At the time of his death, James did not have a valid will in place (intestate). Generally, when a child dies intestate, the estate is divided equally between the parents. James’ estate was worth about $80,000 and his superannuation over $450,000.
James lived with his mother at the time of his death. She applied for Letters of Administration and Probate to manage his estate as there was no will. As administrator of his estate, her obligation was to “use her best endeavours to maximise the size of the estate.”
The mother received advice from her lawyers that superannuation does not form part of the estate. As such, she sought to have James’ superannuation distributed to her in her personal capacity (and not to the estate). While James’ mother was not a nominated beneficiary for James superannuation, she was a non-binding beneficiary because of their interdependent relationship.

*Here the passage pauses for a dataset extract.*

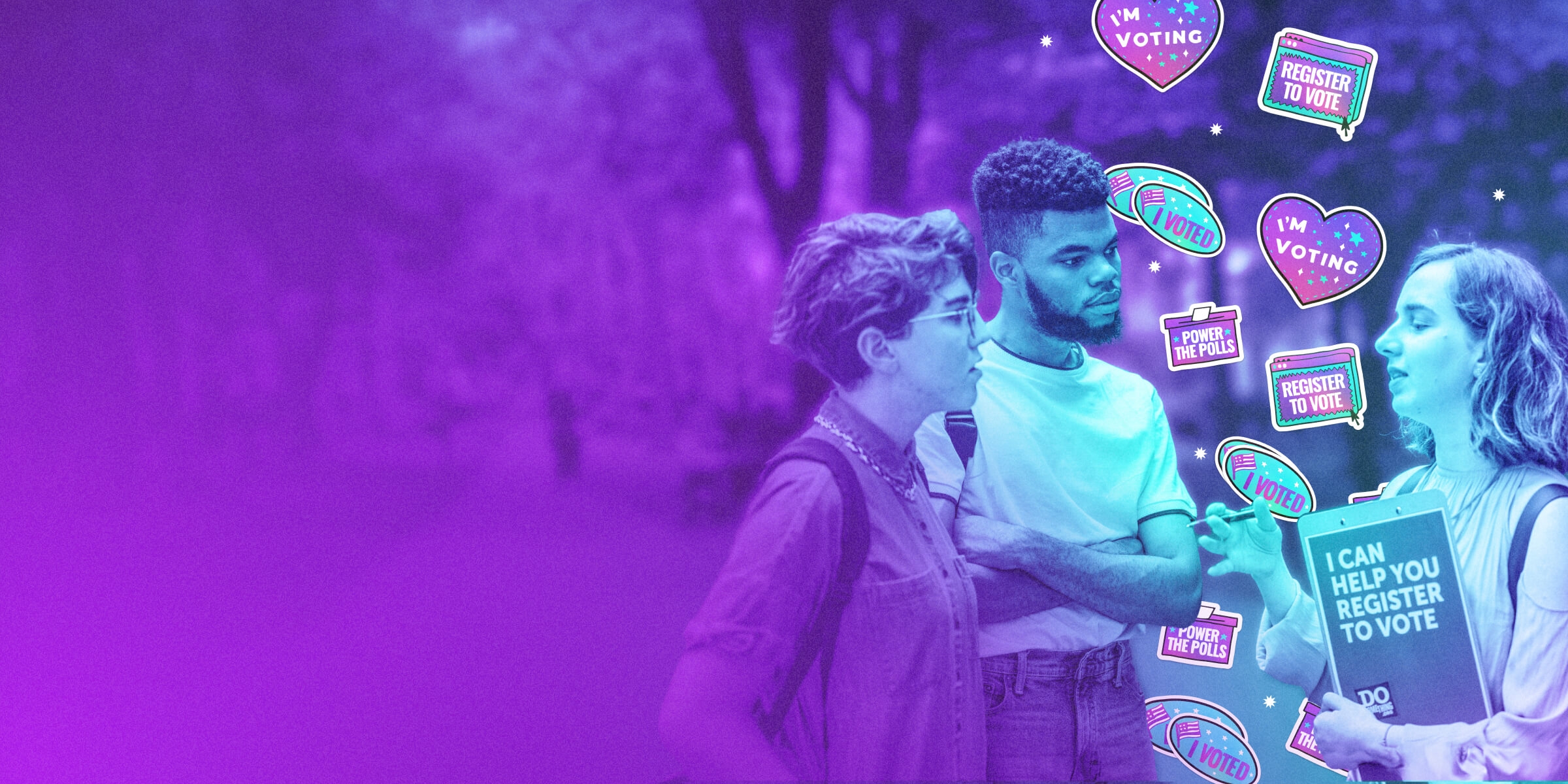 Young person with a clipboard recruiting two other young people to register to vote. Digital stickers with voting slogans float in the background.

The superannuation benefits were eventually paid to the mother by three different funds because she had a relationship of financial and emotional dependency with James (James was bipolar and had lived with her 30 of his 40 years and they shared the household expenses).
During this time, the father’s lawyers queried the mother’s intentions for the superannuation benefits stating that to have the superannuation transferred to her in person was a breach of her fiduciary duties as administrator of the estate. The response they received was that superannuation is not an asset of the estate. And so it went to court.
The court agreed with the father’s lawyers, ordering that the superannuation benefits form part of the estate, that the mother (having been granted Letters of Administration to deal with the estate) had a duty to maximise the value of the estate, and that her self interest in the superannuation benefits should not have come before her responsibilities as administrator.
By becoming an asset of the estate, the superannuation benefits were to be split between the mother and father.
The outcome of this case would have been different had James had a binding death benefit nomination in place for his superannuation in favour of his mother, and made a will naming his mother as executor. While these factors do not guarantee that the payment of superannuation benefits will not be contested (and there are a number of SMSF related cases that do), the measures will go a long way.
The top three things you must do:
- Check your superannuation death benefit nominations – who is nominated and do you want them to receive your superannuation benefits if you die?
- Review your will to make sure it is up to date for your current circumstances.
- Check nominations for the legal representative of your estate and whether this nomination is current and appropriate.